Estás leyendo esto y me juego una mano a que no tengo que explicarte cómo se siente la vergüenza. Seguro que has tenido flashes a momentos de tu vida en los que te querías morir, en los que te sentiste paralizada de vergüenza. Es un sentimiento difícil de explicar pero fácil de identificar. Todos lo conocemos. Nudo en el estómago, ganas de volatilizarse, de disolverse y desaparecer, sudores en las manos, escalofríos y, para algunos, un súbito color rojo en la cara que lo único que consigue es que el pánico sea aún mayor cuando te dicen: «te estás poniendo roja, no me digas que te da vergüenza». 

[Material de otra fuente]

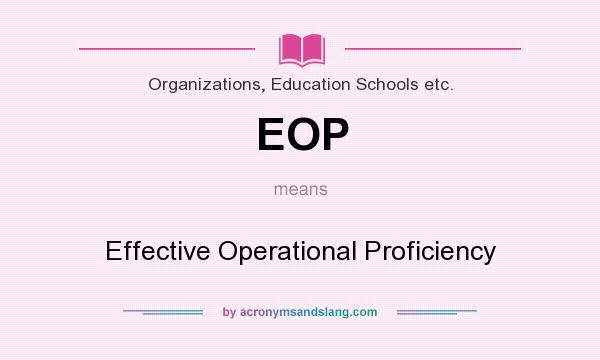 What does EOP mean? It stands for Effective Operational Proficiency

He escrito «Todos lo conocemos» pero no es así. Hay gente que nace sin vergüenza de ningún tipo. Esas personas que van por la vida alegremente sintiendo que todo lo que ellos hacen es estupendo y está bien hecho. Qué digo bien hecho: ellos sienten que sus actuaciones son siempre las mejores porque ellos son top. En los niños es una monería: decimos «serás sinvergüenza…» sonriendo, en plan chascarrillo. Se lo dices a tu sobrino de 7 años cuando se ha comido toda la tableta de chocolate a escondidas y te lo niega, o como cuando yo se lo decía a mi hija Clara cuando robó el Niño Jesús del belén de su abuela. El problema es que esos niños crecen y, como vienen de serie sin vergüenza, se convierten en adultos peligrosísimos. A estos, cuando los llamas sinvergüenzas, lo haces con una rabia y un desprecio que te sabe a bilis en la boca y las palabras «¡Es un sinvergüenza!» que te salen desde el fondo del estómago en una especie de desahogo. «¡Es un sinvergüenza!», que puede aplicar por igual a un político, a un ex de cualquiera de tus conocidos o a un compañero de trabajo, por ejemplo. 


Los sinvergüenzas son escoria. Y lo digo así, sin cortarme y sin pudor. Es gente que miente sin perturbarse, miente por hacer daño, miente sabiendo que está mintiendo y que tú no le estás creyendo, pero te miran desafiantes reconociendo que saben que tú sabes que están mintiendo pero que les da igual. Los sinvergüenzas son esos que se aprovechan de las desgracias y el trabajo ajenos y, si son ya muy top, si llevan años curándose la carrera de sinvergüenzas, son capaces, además, de hacerse pasar por víctimas. A mí, un buen sinvergüenza me da ganas de matar o de gritar. A algunos les he gritado y escupido toda mi rabia sabiendo que solo iba a conseguir desahogarme pero jamás perturbarles. Un sinvergüenza es un ser impermeable al reproche ajeno, a la opinión de los demás, por supuesto al dolor o al malestar que cause en los otros a los que está mintiendo o de los que está aprovechándose. Además, a todo esto se suma que así como la vergüenza se pasa, la sinvergonzonería es algo que se arrastra para siempre, va creciendo y creciendo hasta que el susodicho o la susodicha cometen tal tropelía que aquellos que todavía lo consideraban «gracioso» o que lo hacía sin maldad se dan cuenta del peligro de ese sujeto. Eso no les hará cambiar, ni mucho menos, pero hará que los demás se caigan del guindo y se protejan. 


No tener vergüenza es un estado que se alcanza con el tiempo y la experiencia que da saber que, en general, los demás están demasiado preocupados por sí mismo como para que les importe lo que haces.


Ser un sinvergüenza es como ser alto, pelirrojo o tener los ojos azules. Naces así y nunca te curas. Solo va a peor. Cuidado con ellos.